恋煩いの処方箋
5.楽しい日曜日
5.楽しい日曜日

 東の空が明るくなり始める頃、隣で寝息を立てている娘を起こさないようにベッドからぬけだす。キッチンの明かりだけつけて、お米を研ぎ炊飯のスイッチを入れると冷蔵庫から昨日下味を付けておいた鶏肉を取り出した。
今日は大和と三人で出掛ける予定になっている。行き先は隣県の海沿いにある大きな水族館だ。保育園の遠足で以前行ったきり、これで二度目になる。もちろん和花のリクエストだ。私だけではなかなか連れて行けない場所だから、大和に了承してもらえて本当によかった。
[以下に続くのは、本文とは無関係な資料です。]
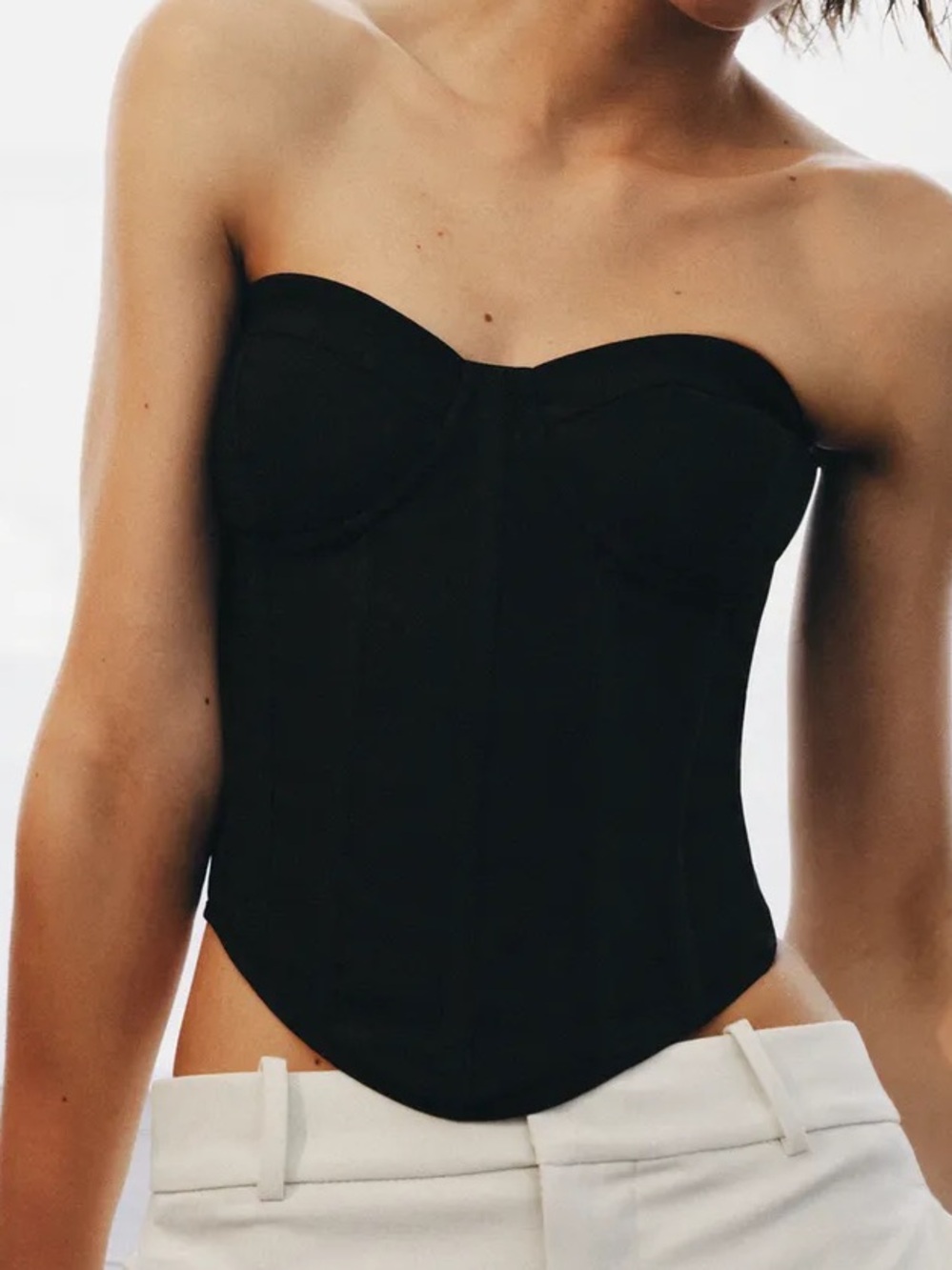 Zara Black Strapless Bustier strapless corset boned top shirt small NWT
 朝八時に迎えに来てくれることになっているので、それまでにお弁当をつくり、和花を起こして朝食を食べさせて、いつもよりオシャレをしようと思っている。
もうだいぶ気温も高いので、親子でお揃いのワンピースを着るつもりだ。
ご飯が炊けるまでに、唐揚げを揚げて、卵焼きを作る。味は甘め。飾り包丁をいれたウインナーとちくわに胡瓜とチーズを詰めたもの、ミニトマトにブロッコリー、カボチャとクリームチーズの和物。それからオレンジとキウイ、シャインマスカットも詰める。おにぎりの具は、シャケと梅干し、昆布と焼いた明太子。たくさん握った。
お手拭きと水筒にお茶、割り箸と紙皿。レジャーシートも忘れずに。長年保育園の運動会や遠足で培ったお弁当スキルを惜しみなく投入する。
 最初は母に手伝ってもっていたけれど、自分ひとりで作れるようになったのだ。なんの変哲もないお弁当だけど、一周回ってこれがいい。そう大和に思ってもらえたらうれしい。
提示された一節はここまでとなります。